◆ **WHAT TO DO**
Repeat the line that contains "Radôme de rechange GLOMEX" exactly, along with each following line up to and including the last line of the entries.

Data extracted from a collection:

════════════════════

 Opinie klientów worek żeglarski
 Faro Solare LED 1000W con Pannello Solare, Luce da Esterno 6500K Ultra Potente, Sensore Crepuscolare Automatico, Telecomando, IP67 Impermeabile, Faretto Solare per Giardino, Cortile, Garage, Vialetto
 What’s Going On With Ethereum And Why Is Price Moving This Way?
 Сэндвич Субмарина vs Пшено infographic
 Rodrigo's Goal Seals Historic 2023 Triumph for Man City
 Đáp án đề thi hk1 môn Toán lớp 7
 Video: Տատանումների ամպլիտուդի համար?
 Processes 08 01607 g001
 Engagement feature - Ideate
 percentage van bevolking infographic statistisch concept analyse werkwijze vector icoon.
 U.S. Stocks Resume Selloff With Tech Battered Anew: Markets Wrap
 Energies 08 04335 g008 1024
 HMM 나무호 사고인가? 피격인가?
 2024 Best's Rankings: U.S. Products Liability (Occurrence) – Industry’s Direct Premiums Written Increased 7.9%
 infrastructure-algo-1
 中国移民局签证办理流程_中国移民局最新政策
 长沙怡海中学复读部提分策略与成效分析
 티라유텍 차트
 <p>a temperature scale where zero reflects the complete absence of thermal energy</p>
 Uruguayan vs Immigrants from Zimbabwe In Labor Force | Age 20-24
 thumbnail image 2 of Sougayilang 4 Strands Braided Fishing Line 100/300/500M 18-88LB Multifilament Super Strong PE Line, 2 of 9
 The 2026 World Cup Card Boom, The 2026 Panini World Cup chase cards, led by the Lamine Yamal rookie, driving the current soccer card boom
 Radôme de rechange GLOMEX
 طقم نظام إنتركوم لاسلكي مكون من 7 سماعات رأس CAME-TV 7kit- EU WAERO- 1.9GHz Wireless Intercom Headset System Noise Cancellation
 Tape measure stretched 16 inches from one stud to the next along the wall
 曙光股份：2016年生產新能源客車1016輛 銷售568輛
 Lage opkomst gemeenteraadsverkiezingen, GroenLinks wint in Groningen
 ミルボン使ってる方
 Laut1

════════════════════

◆ **ANSWER SPACE**
 Radôme de rechange GLOMEX
 طقم نظام إنتركوم لاسلكي مكون من 7 سماعات رأس CAME-TV 7kit- EU WAERO- 1.9GHz Wireless Intercom Headset System Noise Cancellation
 Tape measure stretched 16 inches from one stud to the next along the wall
 曙光股份：2016年生產新能源客車1016輛 銷售568輛
 Lage opkomst gemeenteraadsverkiezingen, GroenLinks wint in Groningen
 ミルボン使ってる方
 Laut1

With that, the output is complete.